One of the most famous sights in Joshua Tree is Skull Rock. The gigantic boulders in this part of the park are a must see – plan to spend some time in this area. There is a nice little hiking loop around here (1.7 miles) and takes about 1.5 hours with a difficulty level of: Easy. Or just pick a big rock, climb up, and watch other people climb (like I did).
We spent about 4 hours in the park – stopping the car and pulling over all along the way at interesting spots. Of course you could spend many more hours here and even do some camping and serious climbing, but if you only have a day – or even a half day, don’t miss checking out this National Park. The entrance fee is $20 per car and you can use the pass for a full week at no extra charge. Many guests here at the hotel have loved it so much, that they have gone back for a follow up visit to spend more time at the park. If you can stay for sunset – do it!
And if you’re not too tired on the way back to Palm Springs — or on your way to Las Vegas, check out Pioneer Town. Pioneer Town is about 25 minutes from the west entrace of the park. This was originally a 1940’s old western movie set where Roy Rogers and Gene Autrey frequently filmed TV westerns. On Main Street, you’ll see an old western saloon, bank, stables and of course these provide many photo opportunities along the way. Pappy & Harriets is a very popular restaurant, bar and music performance hall. Although I have not been there (closed Monday and Tuesdays when I’ve been there), I hear it is not to be missed – both food and music is excellent.
This trip to Joshua Tree started out because we wanted to re-create the famous U2 Joshua Tree album cover. One thing to note: we looked at the original U2 album cover together before we set out, but we forgot to take a screen shot of the album and since there is NO CELL SERVICE in Joshua Tree, we had to re-create it from memory – which explains why it’s not perfect, but also not really a copyright infringement (we hope)!

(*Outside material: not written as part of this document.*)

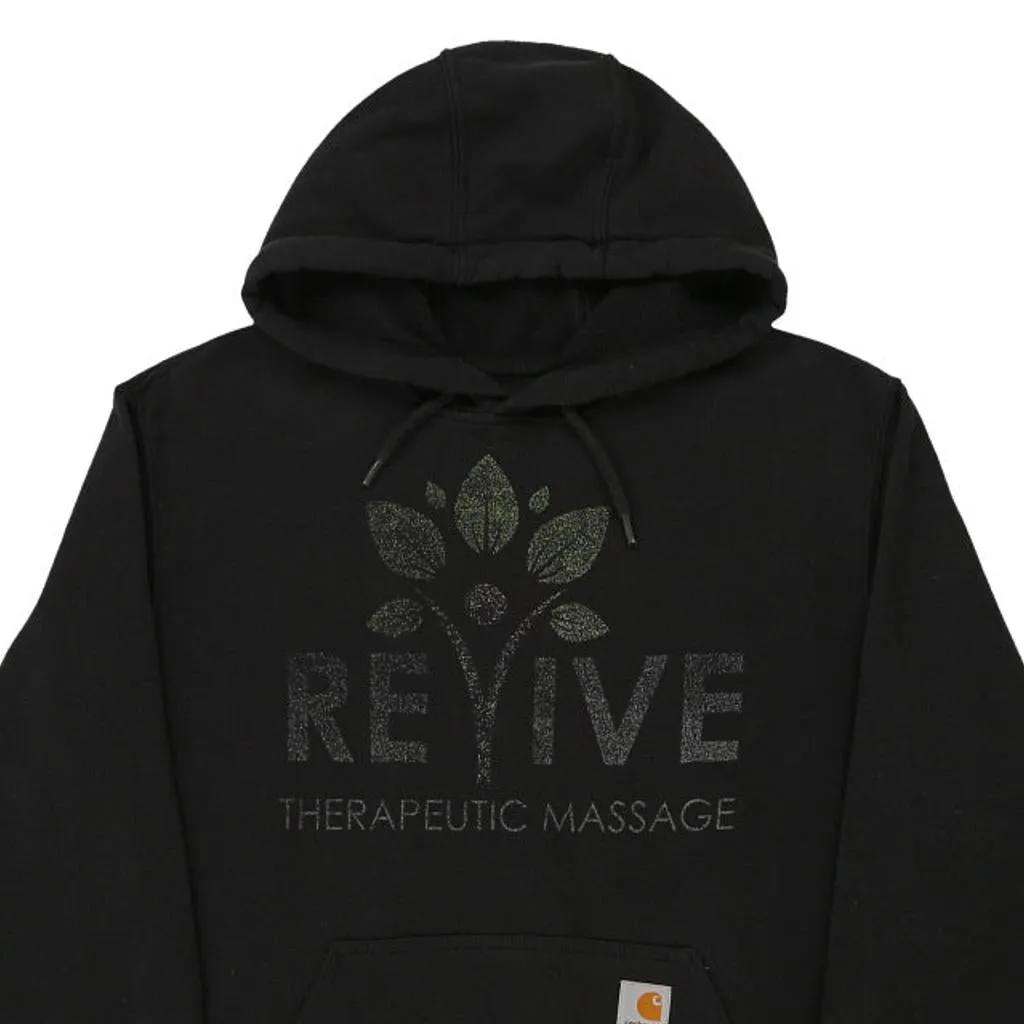 Revive Therapeutic Massage Carhartt Hoodie - Medium Black Cotton Blend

Important to note about this day trip…don’t forget to pack water and food because nothing is sold there. Jess had the bright idea to buy an inexpensive styrofoam cooler and fill it with ice from the hotel – which was genius. We now keep a closet full of coolers on hand for guests to borrow before they head out. Also – don’t forget to gas up before you enter the park…there are no gas stations in the park. There are however, compost port-a-potties along the way!!
If you’d like to suggest other must-see places to see in Joshua Tree National Park, please add a comment! Happy sightseeing!